Instead, Wagner hops the No. 10 Freeway Express, plunking down 80 cents for a 45-minute ride from Santa Monica to Los Angeles.
Ruby Baker also owns a car, a beat-up Nissan that’s been in the shop a month while she scrapes together cash for a new transmission. Working the midnight shift at a catering company at LAX, Baker shells out $4.30 as she climbs on the last bus nightly between San Bernardino and Los Angeles.
Problem is, the No. 110 Inland Empire Connection departs at 6:30 p.m., dropping her off four hours before work begins--and leaving her only six hours after she returns home before she begins her next nightly trudge.

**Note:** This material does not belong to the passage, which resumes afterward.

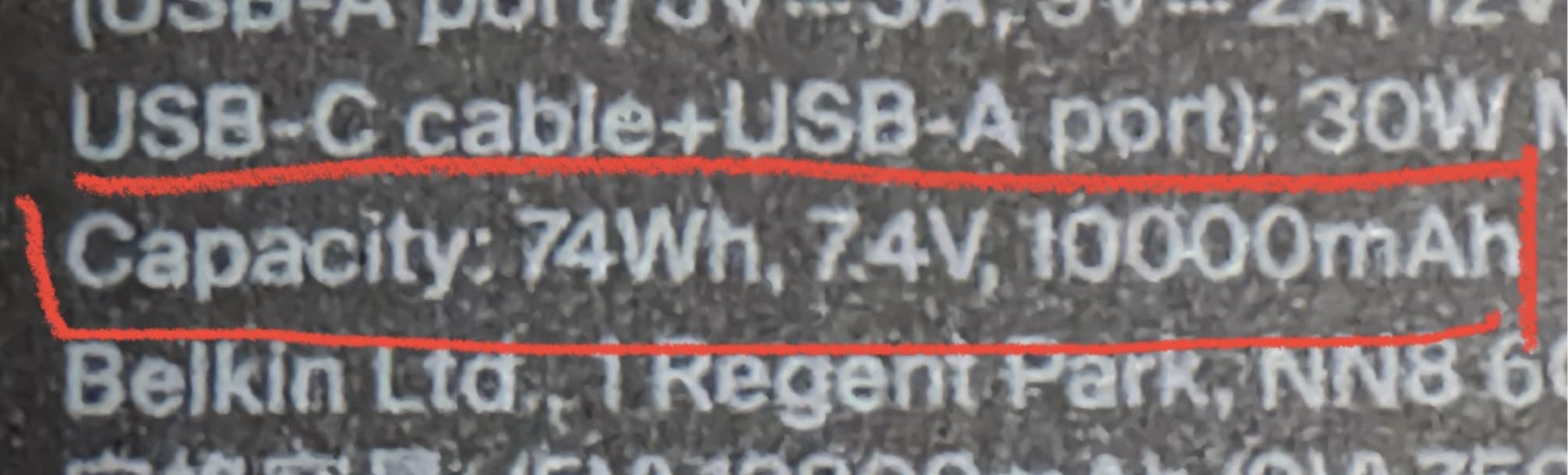 BELKIN 20k PD30w Integrated USB-C Cable Power Bank Blue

Baker and Wagner are far from typical. For many Southern Californians--whose cars serve as rolling sound systems, grooming salons or telephone booths--the idea of taking a bus or train sounds as inviting as riding a rocket to Russia.
But the pair illustrate the kinds of people found by a Times reporter who spent a week traveling 1,000 miles on more than 40 buses, trains and trolleys in the Southland.

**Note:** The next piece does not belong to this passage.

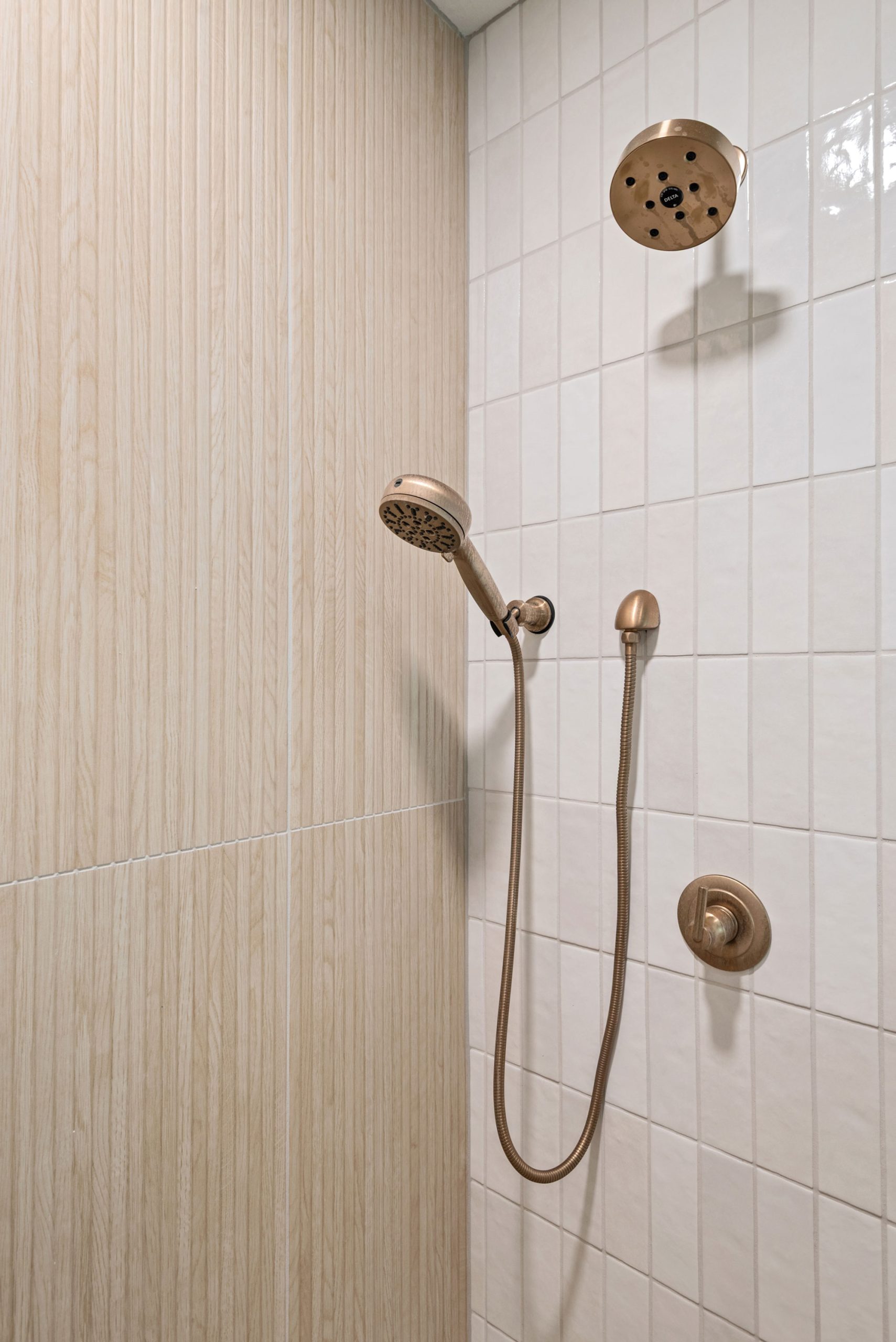 Gulf Way Tampa bath remodel close up of shower hardware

The five-day journey, at a time when the region’s commitment to improved public transportation is greatest since the heyday of the Red Cars a half-century ago, showed the riders to be a diverse and resilient lot. It demonstrated that it is possible to reach almost any major destination--provided a passenger has the time, patience and cash.
But it also showed evidence of a two-tiered transit system.
Express buses and Amtrak trains, which generally transport an upper-crust clientele, are clean and comfortable, passengers say, while local buses, particularly on routes frequented by minority groups in central Los Angeles County, tend to be more crowded and less shipshape.
DAY 1: The Sea to the Desert
That old bromide “You can’t get there from here,” does not necessarily apply to public transit in Southern California.
A passenger can travel from the sea to the desert and back in a single day; more specifically, from fashionable Santa Monica, home of the $3.50 cup of cappuccino, to rustic Yucaipa, home of the $3.69 seven-course dinner at Mr. T’s Family Restaurant.
The 200-mile, round-trip journey, which requires transfers in downtown Los Angeles and San Bernardino, begins at 8 a.m., in sight of the churning Pacific.
Santa Monica Municipal’s No. 10 Express is a sea of business suits half-hidden behind newspaper financial sections. No radios boom rock music here; a string quartet is more likely to be found on the “Big Blue Bus” as it rolls down the Santa Monica Freeway.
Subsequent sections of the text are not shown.